To tell the truth, I made the cake for you. Because yesterday this blog turned six years old. Six. Six! If this blog was a child, it would be in first grade! It would be reading. And telling jokes! If this blog was a dog, it'd be middle-aged! I think that calls for some celebration. And what, pray tell, is a celebration without cake?
Six years is a long time. And it's a preposterously long time for a blog whose originator speculated it would barely last a year. The fact that it's still around and kicking and featuring unbelievably delicious cake is really, in no small part, due to all of you coming here and reading and cooking and commenting and all the rest of what you do. So I made you all a cake. You have no idea how much I wish I could have shared this actual cake with you, slice by slice.
When the book is published, do you know what I'm looking forward to the most? The book tour, is what. Because then I'll finally be able to meet some of you in person instead of just sort of vaguely knowing that you're out there. In fact, when the going gets rough, that's what I think about, I really do. It peps me right up. Puts a spring in my step.
But back to the cake. Hoooo, people. The cake. It is so good. It's super-tender and amazingly not-too-sweet and fragrant with bananas and velvety and moist and the frosting (which I changed a little from the original recipe, to make it a little less sweet) is the perfect foil for it, though I suppose if you left off this frosting and topped it with, say, something dark and glossy like this, I wouldn't kick it out of bed either. My friend Suzy, who I consider to have terrifyingly high standards when it comes to food, gave it high praise. As in, halfway through her first slice, she stopped eating, put her fork down and fixed me with a serious look. Then she said, "This is really good." Then she went home with a doggie bag and ate another piece after dinner which, according to her, never happens. Never ever.

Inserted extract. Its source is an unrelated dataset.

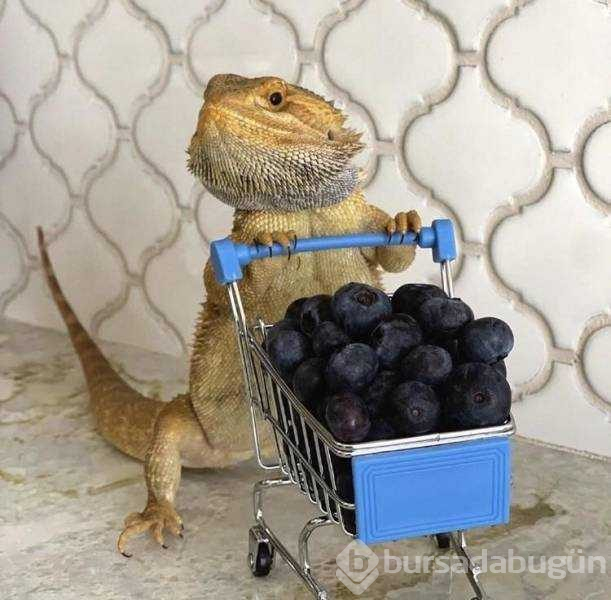 Günün en çok paylaşılan fotoğrafları (17.05.2019)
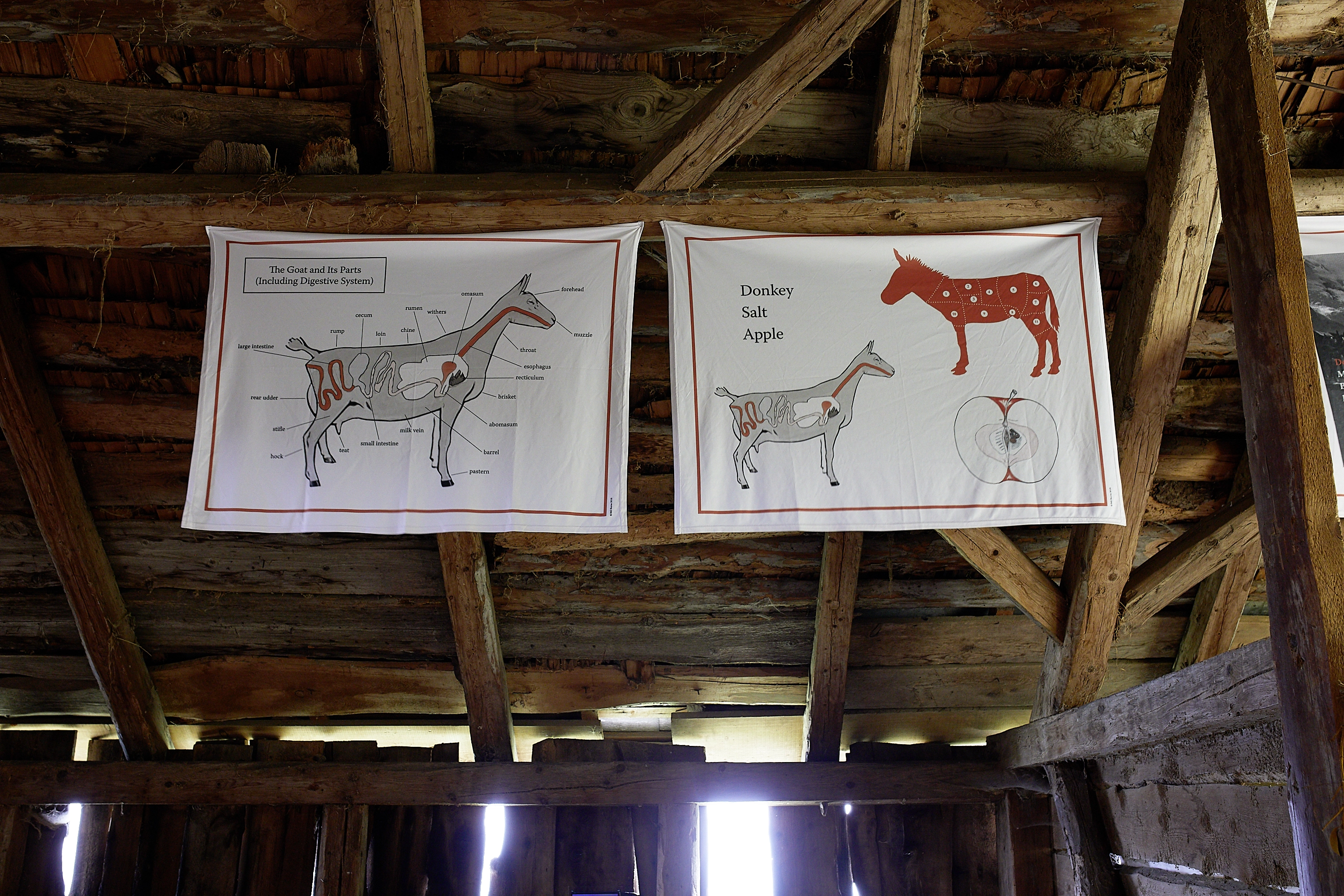 Bill Burns – The Salt, the Donkey, the Apple, 2018 – Foto: David Aebi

The recipe comes from Los Angeles's Clementine Bakery and is, really, the holy grail of banana cakes, as far as I'm concerned. It even keeps well for a day or two, though it beats me how on earth you'd manage to keep it hanging around for more than a day, unless you were the kind of nut who bakes cakes for her blog and then has to run around the city delivering leftovers for friends lest she eat the entire thing all by herself. And best of all, it is so easy to make - no layers, no complicated mixing techniques. Just a bowl, some ripe bananas, a mixer and you.
I lessened the amounts of cream cheese, butter and sugar in the frosting, but then I added a little extra crème fraîche instead of sour cream, because I think that deeply creamy, sour flavor would be nice to underline. Plus it gave the frosting a little sensuous floppiness, instead of leaving it a stiff spackle. Which I think is sort of crucial when it comes to simple cakes like this one.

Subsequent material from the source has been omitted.